**DATA**
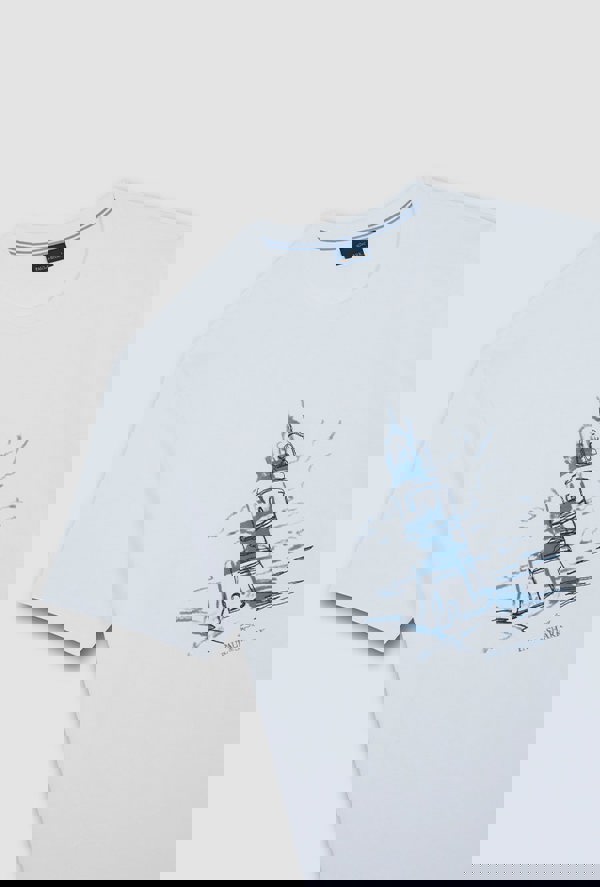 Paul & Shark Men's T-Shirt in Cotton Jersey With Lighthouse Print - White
==
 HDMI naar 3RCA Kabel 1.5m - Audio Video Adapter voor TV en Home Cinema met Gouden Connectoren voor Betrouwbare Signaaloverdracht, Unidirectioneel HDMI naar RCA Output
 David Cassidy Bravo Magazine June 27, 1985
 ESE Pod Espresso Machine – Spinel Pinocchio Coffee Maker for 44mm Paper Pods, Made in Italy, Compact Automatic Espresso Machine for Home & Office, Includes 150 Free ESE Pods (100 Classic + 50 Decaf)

**WHAT NEEDS TO BE DONE**
For this exercise, repeat exactly the lines of the data above from the one with "HDMI naar 3RCA" down to the one with "ESE Pod Espresso", both end lines included.

**WRITTEN ANSWER**
 HDMI naar 3RCA Kabel 1.5m - Audio Video Adapter voor TV en Home Cinema met Gouden Connectoren voor Betrouwbare Signaaloverdracht, Unidirectioneel HDMI naar RCA Output
 David Cassidy Bravo Magazine June 27, 1985
 ESE Pod Espresso Machine – Spinel Pinocchio Coffee Maker for 44mm Paper Pods, Made in Italy, Compact Automatic Espresso Machine for Home & Office, Includes 150 Free ESE Pods (100 Classic + 50 Decaf)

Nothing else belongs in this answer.